De six à dix-huit mois pour la reconstruction
À Saint-Martin, l'économie repose à 90% sur le tourisme. Mais, aujourd'hui, il ne reste quasiment rien des hôtels. Leur reconstruction prendra de six à dix-huit mois selon les prévisions. De quoi plomber sérieusement le secteur dans les prochains mois : "Tous les touristes viennent à Orient Bay. C'est LE spot. Ça s'appelle le petit Saint-Tropez des Antilles, ce n'est pas pour rien ! (...) C'était la plus belle plage, qui était équipée pour recevoir du monde, où les restaurants marchaient bien", se désespère Gillou, d'un bar tabac presse souvenirs jeux de plage.
C'était de l'argent qui rentrait pour tout le monde. Novembre, décembre, janvier et février, pour nous, c'est le maximum. C'est là qu'on engrenge de la trésorerie pour la basse saison. (...) On est très mal barrés.
Gillou, propriétaire d'un tabac presse à Orient bayà franceinfo
Pour les fêtes, Gillou va retourner en métropole. Pour la première fois depuis son installation à Saint-Martin, sa boutique va rester fermée pendant les vacances de Noël. Car sur les plages, aucune serviette, aucun touriste à l'horizon. "Quel touriste va venir ici ? C'est impossible, tous les hôtels sont par terre. Les restaurants, n'en parlons pas. Il n'y a plus rien à faire sur l'île actuellement. À mon avis, il faudra au minimum trois ans pour qu'on s'en remette."
Relancer son activité pour ne pas se morfondre
À 200 mètres de la plage, sur la petite place recouverte de sable, Valéry, le gérant du restaurant Le P'tit Bistrot, a décidé de faire de la résistance. Il a rouvert son restaurant quelques semaines après le passage de l'ouragan. "On a deux choix : soit on s'en va et on perd tout, soit on se bouge et on ne va pas rester à se morfondre à la maison", explique-t-il. Pour sa part, il a choisi de se bouger. "On a nettoyé, on a racheté tout ce qu'il fallait, refait toute l'électricité, la plomberie et les peintures."

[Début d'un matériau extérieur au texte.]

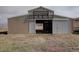 View of the barn with sliding door, providing ample space for animals and equipment at 11810 Mesa View Rd, Larkspur, CO 80118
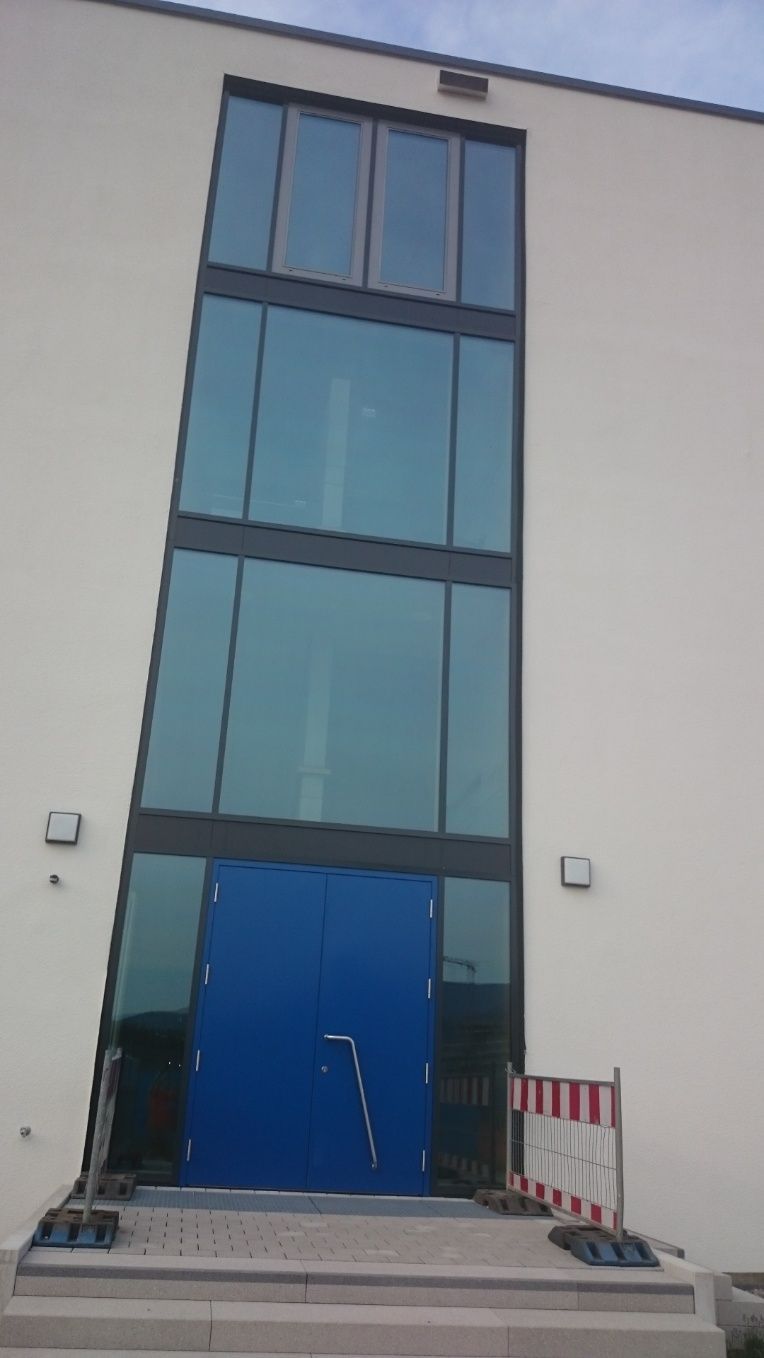 Außenansicht eines Gebäudes mit blauen Türen und großen Glasfenstern. Auf der rechten Seite befindet sich eine rot-weiße Schranke.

Au-delà de relancer son activité économique, cette réouverture permet à tout le monde de s'occuper. "Mine de rien, il n'y a pas grand chose à faire le soir donc, quoi qu'il en soit, les clients qui viennent là nous disent 'merci d'être ouvert'. Ça permet de voir du monde, manger au restaurant, écouter de la musique et boire un petit verre après manger. Ça a donné du baume au coeur à tout le monde."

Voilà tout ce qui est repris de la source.